■ Requirement ■
Word for word, return the lines from the start of the entries below through the line that has "Produktbild von bremermann".

══════════

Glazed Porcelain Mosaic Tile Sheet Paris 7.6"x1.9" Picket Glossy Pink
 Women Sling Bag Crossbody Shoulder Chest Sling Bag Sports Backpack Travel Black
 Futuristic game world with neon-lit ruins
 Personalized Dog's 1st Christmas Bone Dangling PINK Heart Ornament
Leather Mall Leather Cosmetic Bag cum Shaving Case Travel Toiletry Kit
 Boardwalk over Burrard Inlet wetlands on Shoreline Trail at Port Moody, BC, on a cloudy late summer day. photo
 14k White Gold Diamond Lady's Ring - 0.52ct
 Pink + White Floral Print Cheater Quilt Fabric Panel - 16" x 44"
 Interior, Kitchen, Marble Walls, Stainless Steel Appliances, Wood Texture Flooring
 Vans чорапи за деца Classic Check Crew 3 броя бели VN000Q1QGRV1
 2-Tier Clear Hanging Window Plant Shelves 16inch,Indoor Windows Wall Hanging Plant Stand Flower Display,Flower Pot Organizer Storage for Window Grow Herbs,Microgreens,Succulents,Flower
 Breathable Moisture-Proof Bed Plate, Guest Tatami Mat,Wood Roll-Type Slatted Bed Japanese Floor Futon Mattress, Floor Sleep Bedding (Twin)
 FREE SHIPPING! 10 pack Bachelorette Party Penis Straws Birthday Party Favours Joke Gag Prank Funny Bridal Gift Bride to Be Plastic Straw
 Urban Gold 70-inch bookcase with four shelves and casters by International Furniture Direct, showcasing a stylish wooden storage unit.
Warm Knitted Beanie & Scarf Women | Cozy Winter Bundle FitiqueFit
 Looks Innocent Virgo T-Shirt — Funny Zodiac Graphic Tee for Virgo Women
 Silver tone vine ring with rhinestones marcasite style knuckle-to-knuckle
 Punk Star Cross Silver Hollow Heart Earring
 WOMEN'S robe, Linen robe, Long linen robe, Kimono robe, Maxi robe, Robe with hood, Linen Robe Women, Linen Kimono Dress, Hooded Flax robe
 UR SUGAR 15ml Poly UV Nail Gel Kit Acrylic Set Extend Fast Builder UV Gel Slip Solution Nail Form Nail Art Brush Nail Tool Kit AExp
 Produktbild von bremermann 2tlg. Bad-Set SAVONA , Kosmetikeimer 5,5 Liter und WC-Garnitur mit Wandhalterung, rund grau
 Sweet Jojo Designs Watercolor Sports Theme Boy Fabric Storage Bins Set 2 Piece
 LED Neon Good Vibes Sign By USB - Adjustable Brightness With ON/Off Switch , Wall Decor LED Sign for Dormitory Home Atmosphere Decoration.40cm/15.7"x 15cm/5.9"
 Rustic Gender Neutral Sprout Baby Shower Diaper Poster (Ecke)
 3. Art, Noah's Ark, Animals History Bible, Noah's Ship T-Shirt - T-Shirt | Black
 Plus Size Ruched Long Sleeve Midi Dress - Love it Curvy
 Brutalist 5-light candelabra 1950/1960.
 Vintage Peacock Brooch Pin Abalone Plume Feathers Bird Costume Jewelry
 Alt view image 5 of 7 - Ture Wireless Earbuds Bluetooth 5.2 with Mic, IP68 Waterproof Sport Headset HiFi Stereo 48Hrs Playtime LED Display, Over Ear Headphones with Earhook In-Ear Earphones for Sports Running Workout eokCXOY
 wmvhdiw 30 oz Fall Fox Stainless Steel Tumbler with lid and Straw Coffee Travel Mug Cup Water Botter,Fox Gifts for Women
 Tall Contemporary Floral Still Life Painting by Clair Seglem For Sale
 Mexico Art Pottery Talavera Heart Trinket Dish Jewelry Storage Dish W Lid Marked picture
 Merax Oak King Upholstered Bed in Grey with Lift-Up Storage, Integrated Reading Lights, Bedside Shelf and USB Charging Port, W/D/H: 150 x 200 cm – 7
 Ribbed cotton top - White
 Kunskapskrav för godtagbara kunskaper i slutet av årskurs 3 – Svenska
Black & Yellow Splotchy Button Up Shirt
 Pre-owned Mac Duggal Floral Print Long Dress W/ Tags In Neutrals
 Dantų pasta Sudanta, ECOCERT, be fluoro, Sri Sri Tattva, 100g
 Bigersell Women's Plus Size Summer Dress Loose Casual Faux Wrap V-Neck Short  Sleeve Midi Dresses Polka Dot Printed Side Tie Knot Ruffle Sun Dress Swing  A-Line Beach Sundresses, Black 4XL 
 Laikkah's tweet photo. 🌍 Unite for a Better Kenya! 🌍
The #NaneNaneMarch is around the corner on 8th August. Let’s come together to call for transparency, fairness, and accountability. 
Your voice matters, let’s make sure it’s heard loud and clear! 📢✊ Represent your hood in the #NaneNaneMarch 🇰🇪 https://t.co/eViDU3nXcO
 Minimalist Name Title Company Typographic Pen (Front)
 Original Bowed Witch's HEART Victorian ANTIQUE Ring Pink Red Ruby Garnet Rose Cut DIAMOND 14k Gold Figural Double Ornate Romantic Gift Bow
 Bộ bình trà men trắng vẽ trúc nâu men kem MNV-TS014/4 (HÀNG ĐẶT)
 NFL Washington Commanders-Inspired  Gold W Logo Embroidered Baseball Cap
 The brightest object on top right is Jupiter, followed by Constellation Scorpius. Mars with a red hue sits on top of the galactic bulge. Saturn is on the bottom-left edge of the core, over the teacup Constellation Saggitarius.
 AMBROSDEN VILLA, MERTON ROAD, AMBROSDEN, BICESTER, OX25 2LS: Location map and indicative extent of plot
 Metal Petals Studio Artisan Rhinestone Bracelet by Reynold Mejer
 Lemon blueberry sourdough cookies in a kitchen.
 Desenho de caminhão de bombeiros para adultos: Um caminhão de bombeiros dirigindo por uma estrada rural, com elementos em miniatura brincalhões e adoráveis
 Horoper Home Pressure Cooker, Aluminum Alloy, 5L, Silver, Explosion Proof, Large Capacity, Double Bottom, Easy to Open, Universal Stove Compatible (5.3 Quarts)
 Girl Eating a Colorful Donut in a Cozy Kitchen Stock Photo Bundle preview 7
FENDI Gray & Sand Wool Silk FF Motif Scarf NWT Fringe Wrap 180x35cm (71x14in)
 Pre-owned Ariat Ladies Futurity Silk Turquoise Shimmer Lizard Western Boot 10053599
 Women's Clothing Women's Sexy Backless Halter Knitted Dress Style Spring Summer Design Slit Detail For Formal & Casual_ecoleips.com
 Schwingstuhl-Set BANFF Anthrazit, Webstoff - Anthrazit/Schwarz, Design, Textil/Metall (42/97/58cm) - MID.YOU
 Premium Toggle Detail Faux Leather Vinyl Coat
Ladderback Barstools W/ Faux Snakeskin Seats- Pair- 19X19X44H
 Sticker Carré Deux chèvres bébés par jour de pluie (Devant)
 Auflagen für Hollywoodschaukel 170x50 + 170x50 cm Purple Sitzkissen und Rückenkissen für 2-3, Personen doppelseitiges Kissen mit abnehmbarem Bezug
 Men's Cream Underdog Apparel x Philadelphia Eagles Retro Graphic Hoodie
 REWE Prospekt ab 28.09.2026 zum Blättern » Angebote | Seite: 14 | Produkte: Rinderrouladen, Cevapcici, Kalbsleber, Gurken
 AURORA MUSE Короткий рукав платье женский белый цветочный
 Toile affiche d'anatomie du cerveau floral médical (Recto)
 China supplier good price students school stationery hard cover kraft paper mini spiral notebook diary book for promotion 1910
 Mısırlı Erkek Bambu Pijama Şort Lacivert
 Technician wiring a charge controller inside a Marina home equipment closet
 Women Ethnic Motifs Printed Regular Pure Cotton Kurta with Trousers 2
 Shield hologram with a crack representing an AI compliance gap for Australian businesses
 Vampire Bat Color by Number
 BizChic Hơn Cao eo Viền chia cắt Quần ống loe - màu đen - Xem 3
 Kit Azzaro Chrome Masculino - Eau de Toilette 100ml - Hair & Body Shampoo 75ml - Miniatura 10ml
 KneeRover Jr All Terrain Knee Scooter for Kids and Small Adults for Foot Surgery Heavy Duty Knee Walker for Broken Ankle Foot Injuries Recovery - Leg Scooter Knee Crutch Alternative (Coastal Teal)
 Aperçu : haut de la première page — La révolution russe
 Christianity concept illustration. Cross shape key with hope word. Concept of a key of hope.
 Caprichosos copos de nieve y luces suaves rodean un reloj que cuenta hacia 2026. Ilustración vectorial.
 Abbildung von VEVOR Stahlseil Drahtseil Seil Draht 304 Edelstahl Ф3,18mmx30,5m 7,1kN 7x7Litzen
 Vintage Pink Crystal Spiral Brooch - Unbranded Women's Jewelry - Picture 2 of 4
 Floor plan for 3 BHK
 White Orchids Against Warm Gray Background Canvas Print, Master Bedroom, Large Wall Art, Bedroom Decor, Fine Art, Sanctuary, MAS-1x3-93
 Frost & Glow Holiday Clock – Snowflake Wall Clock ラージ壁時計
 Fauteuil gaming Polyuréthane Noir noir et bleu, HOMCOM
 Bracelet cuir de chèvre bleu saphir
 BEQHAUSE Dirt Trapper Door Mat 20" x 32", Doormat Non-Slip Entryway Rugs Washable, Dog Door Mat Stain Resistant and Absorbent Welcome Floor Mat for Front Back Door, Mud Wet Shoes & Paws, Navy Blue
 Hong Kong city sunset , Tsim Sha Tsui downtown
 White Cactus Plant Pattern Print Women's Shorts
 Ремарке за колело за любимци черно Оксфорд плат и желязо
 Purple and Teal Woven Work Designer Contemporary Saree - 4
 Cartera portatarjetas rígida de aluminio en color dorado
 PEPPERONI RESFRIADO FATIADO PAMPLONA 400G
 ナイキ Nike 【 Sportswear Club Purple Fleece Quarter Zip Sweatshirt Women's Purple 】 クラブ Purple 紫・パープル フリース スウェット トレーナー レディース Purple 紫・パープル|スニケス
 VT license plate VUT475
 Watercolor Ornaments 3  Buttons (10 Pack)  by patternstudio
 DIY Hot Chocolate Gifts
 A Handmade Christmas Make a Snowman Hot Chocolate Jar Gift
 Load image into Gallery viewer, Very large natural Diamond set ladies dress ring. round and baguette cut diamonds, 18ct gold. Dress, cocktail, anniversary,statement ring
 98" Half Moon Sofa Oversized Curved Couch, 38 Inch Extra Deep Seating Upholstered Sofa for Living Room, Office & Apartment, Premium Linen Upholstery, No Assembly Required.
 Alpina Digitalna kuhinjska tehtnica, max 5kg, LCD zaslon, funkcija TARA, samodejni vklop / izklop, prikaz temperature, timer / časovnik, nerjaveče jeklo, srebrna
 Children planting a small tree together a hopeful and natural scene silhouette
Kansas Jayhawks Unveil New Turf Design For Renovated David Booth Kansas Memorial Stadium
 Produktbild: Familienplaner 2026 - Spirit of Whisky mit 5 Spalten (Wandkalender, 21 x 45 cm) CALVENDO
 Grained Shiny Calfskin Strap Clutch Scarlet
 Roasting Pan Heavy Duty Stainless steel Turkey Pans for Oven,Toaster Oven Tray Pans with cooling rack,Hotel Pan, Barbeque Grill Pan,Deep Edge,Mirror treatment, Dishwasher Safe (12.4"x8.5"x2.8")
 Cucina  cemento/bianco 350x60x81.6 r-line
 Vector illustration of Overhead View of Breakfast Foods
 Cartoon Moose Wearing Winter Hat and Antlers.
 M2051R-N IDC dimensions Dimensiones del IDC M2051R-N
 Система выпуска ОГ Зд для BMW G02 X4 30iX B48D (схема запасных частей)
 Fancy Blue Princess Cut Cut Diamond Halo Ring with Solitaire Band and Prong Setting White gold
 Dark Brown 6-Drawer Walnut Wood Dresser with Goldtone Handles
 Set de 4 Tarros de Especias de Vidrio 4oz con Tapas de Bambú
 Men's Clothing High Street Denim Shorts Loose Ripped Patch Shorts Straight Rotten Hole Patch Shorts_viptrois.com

══════════

■ Exercise output ■
Glazed Porcelain Mosaic Tile Sheet Paris 7.6"x1.9" Picket Glossy Pink
 Women Sling Bag Crossbody Shoulder Chest Sling Bag Sports Backpack Travel Black
 Futuristic game world with neon-lit ruins
 Personalized Dog's 1st Christmas Bone Dangling PINK Heart Ornament
Leather Mall Leather Cosmetic Bag cum Shaving Case Travel Toiletry Kit
 Boardwalk over Burrard Inlet wetlands on Shoreline Trail at Port Moody, BC, on a cloudy late summer day. photo
 14k White Gold Diamond Lady's Ring - 0.52ct
 Pink + White Floral Print Cheater Quilt Fabric Panel - 16" x 44"
 Interior, Kitchen, Marble Walls, Stainless Steel Appliances, Wood Texture Flooring
 Vans чорапи за деца Classic Check Crew 3 броя бели VN000Q1QGRV1
 2-Tier Clear Hanging Window Plant Shelves 16inch,Indoor Windows Wall Hanging Plant Stand Flower Display,Flower Pot Organizer Storage for Window Grow Herbs,Microgreens,Succulents,Flower
 Breathable Moisture-Proof Bed Plate, Guest Tatami Mat,Wood Roll-Type Slatted Bed Japanese Floor Futon Mattress, Floor Sleep Bedding (Twin)
 FREE SHIPPING! 10 pack Bachelorette Party Penis Straws Birthday Party Favours Joke Gag Prank Funny Bridal Gift Bride to Be Plastic Straw
 Urban Gold 70-inch bookcase with four shelves and casters by International Furniture Direct, showcasing a stylish wooden storage unit.
Warm Knitted Beanie & Scarf Women | Cozy Winter Bundle FitiqueFit
 Looks Innocent Virgo T-Shirt — Funny Zodiac Graphic Tee for Virgo Women
 Silver tone vine ring with rhinestones marcasite style knuckle-to-knuckle
 Punk Star Cross Silver Hollow Heart Earring
 WOMEN'S robe, Linen robe, Long linen robe, Kimono robe, Maxi robe, Robe with hood, Linen Robe Women, Linen Kimono Dress, Hooded Flax robe
 UR SUGAR 15ml Poly UV Nail Gel Kit Acrylic Set Extend Fast Builder UV Gel Slip Solution Nail Form Nail Art Brush Nail Tool Kit AExp
 Produktbild von bremermann 2tlg. Bad-Set SAVONA , Kosmetikeimer 5,5 Liter und WC-Garnitur mit Wandhalterung, rund grau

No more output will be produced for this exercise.